I recently came across the following question in an on-line magic discussion group:
>What do people think of magic lessons? Are they worth it or do they
>kill your creativity and make you a copy of your teacher?

You may as well ask, are books or videos worth it? And while I have different answers to each of these, for the present let's address the question of lessons.

Let's draw an analogy:

You want to learn to play the violin. You have three choices: (1) read a book and give it a shot, (2) buy a video and give it a shot, or (3) find a teacher and give it a shot. I'm willing to bet that almost anyone would opt for choice number 3.
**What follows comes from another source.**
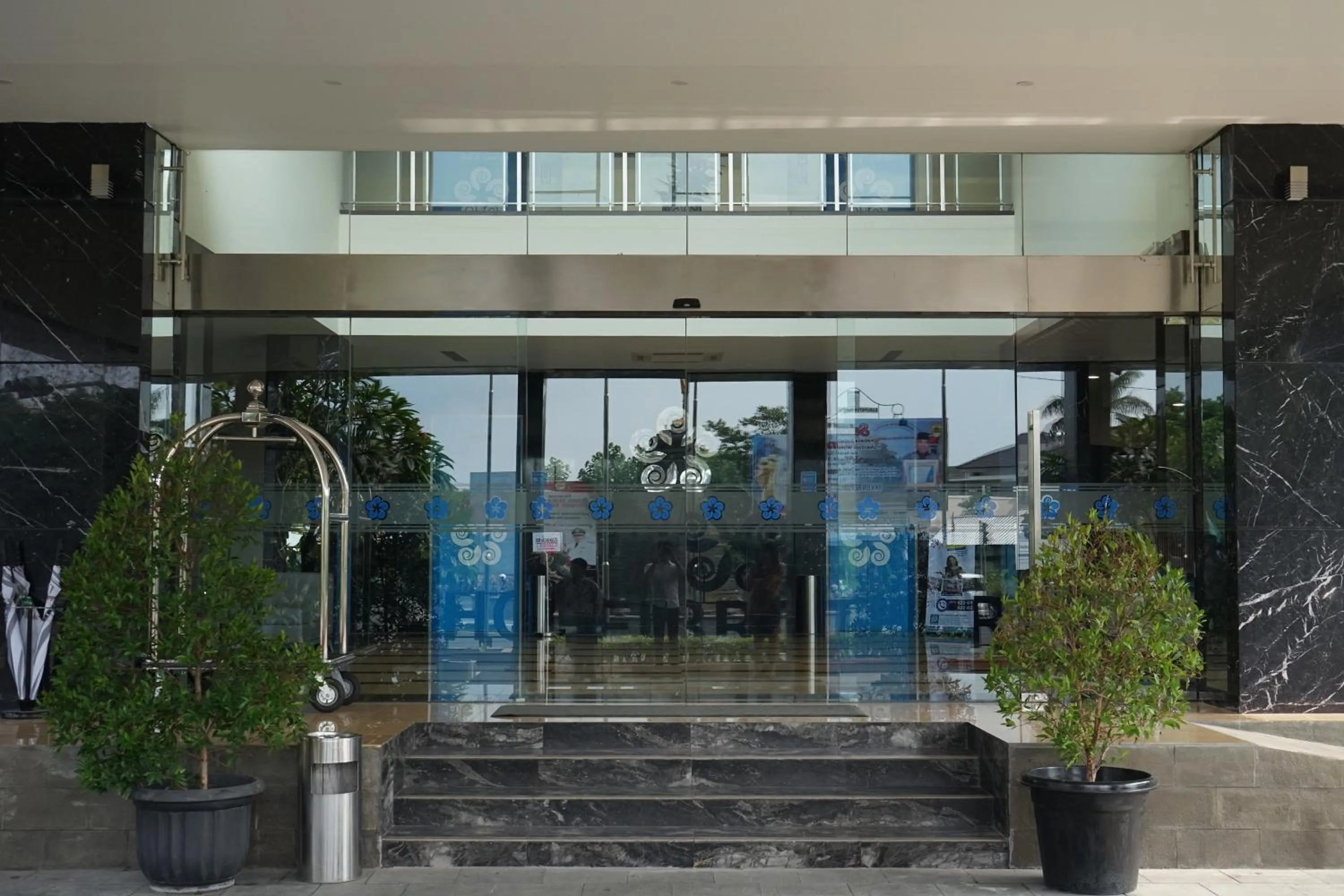 On site in Hotel Brothers Solo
Of course you get a teacher! This person guides you on your way, suggests the appropriate study materials (including books and perhaps videos), tests you to make sure that you have learned the lessons, and specifically tailors the lessons to meet your individual needs and requirements. The teacher will also work out your weak points, and teach you a host of other things that you might not think are germane to the process at the moment but will be invaluable down the road, including the history of the subject, movement, diction, current trends, discussions, points of contention, and more.

But all of this assumes that you have found a good teacher.

When you're starting to learn (and often further down the road as well), one of the problems with books and videos is that you probably don't know enough about the subject to objectively judge which way you should proceed to master the material. I've seen people who think that their double-lift looks as good as Dingle's. They honestly think that. They can't see the great disservice that they do to magic and themselves by not having an expert give an informed opinion.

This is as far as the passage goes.